In 2021 he was a reserve driver for the Alpine F1 Team.

In 2022, Kvyat was entered to compete in the FIA World Endurance Championship for G-Drive Racing, but this team withdrew on 6 March in response to conditions introduced by the FIA following the 2022 Russian invasion of Ukraine. He called the restrictions "unfair and discriminatory". Kvyat drove at the Indianapolis Road Course race in the NASCAR Cup Series for Team Hezeberg on July 31.

Early life
Daniil Kvyat was born in Ufa, Bashkortostan, Russia, on 26 April 1994 to Vyacheslav and Zulfiya Kvyat. Vyacheslav Kvyat worked for Bashneft, initially as a mechanic at the Novo-Ufan refinery, but rose through the ranks to become the financial director of the export division until 1996. Later he branched out and worked with other energy companies, ending up as CFO of West Siberian Energy. At the same time he stood for election as a Deputy in the Bashkortostan state parliament.

Career

Karting (2005–2009)
In January 2005, Kvyat made his professional debut in motorsports winning his very first race in Sochi. During the 2005 and 2006 seasons, Kvyat participated in local events, including the Russian karting championship and cup as well as in the occasional races in Italy. Consistently demonstrating strong performances, he later moved to Italy to fully concentrate on racing in one of the most competitive environments. Kvyat's first professional team in Italy was Franco Pellegrini's crew.

During the winter of 2007, Kvyat's family moved to Italy to support his commitment demonstrated by his strong results. The young driver's parents stayed with him alternately, and he started education in Italian school, continuing to race in local tournaments. Before the start of the 2008 season, Kvyat, who had already proved himself in the Italian karting scene, signed a contract with the Zanardi factory team, led by well-known manager Dino Chiesa. Kvyat moved to the KF3 junior category and became a participant of the prestigious World Series Karting series. However, the Russian driver and Zanardi's partnership did not result in any success. He achieved European Championship qualification but Kvyat switched teams just before the championships started, to join privateers from Morsicani Racing, who used an FA Kart chassis. In their very first race, the new partnership produced an excellent result: Kvyat, who had tested the new kart of the new team just a couple of days before the start of the championship, not only made it to the finals but was fighting for the win.

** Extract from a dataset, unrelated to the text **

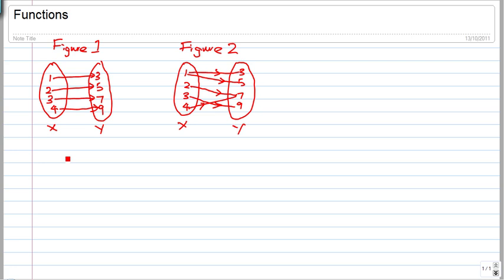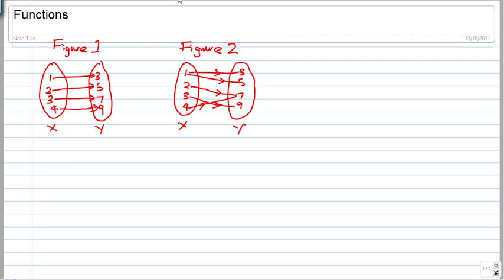By definition, a function occurs when each element of X is mapped to exactly one element of Y. Let me write that down — a function occurs when each element of X is mapped to exactly one element of Y.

Kvyat and Morsicani Racing won several prestigious competitions, including WSK rounds and the Bridgestone Cup. The Russian defeated his Zanardi ex-teammate, Nyck de Vries, who was now a protégé of the McLaren Formula 1 team. Kvyat also won the Trofeo delle Industrie, in the final heat of which Kvyat finished ahead of Antonio Giovinazzi and Rafaele Marchiello, future members of the Ferrari Academy.

Kvyat's European winning streak continued at the beginning of the 2009 season. The Morsicani Racing driver won the prestigious Winter Cup in the KF3 category and then added more victories to his name in the WSK rounds in Sarno and Le-Castellet. His victory in the Winter Cup was especially outstanding because he made it to the top of the podium after starting from the last position on the grid, where Kvyat found himself as a result of a clutch failure in qualifying. Kvyat first made his way into the final heat and then, starting from P3, he won that race, overtaking Carlos Sainz Jr along the way. Kvyat became one of the leaders in the WSK series, and began to draw the attention of sponsors. In the spring, he got backing from the Russian Lukoil company. However, the young driver was also noticed by Red Bull. During the summer, Kvyat participated in his first testing session in an open-wheel car, arranged by Red Bull alongside Carlos Sainz Jr, another candidate for the Red Bull Junior Team. Both drivers made a strong impression and signed contracts with the Austrian company.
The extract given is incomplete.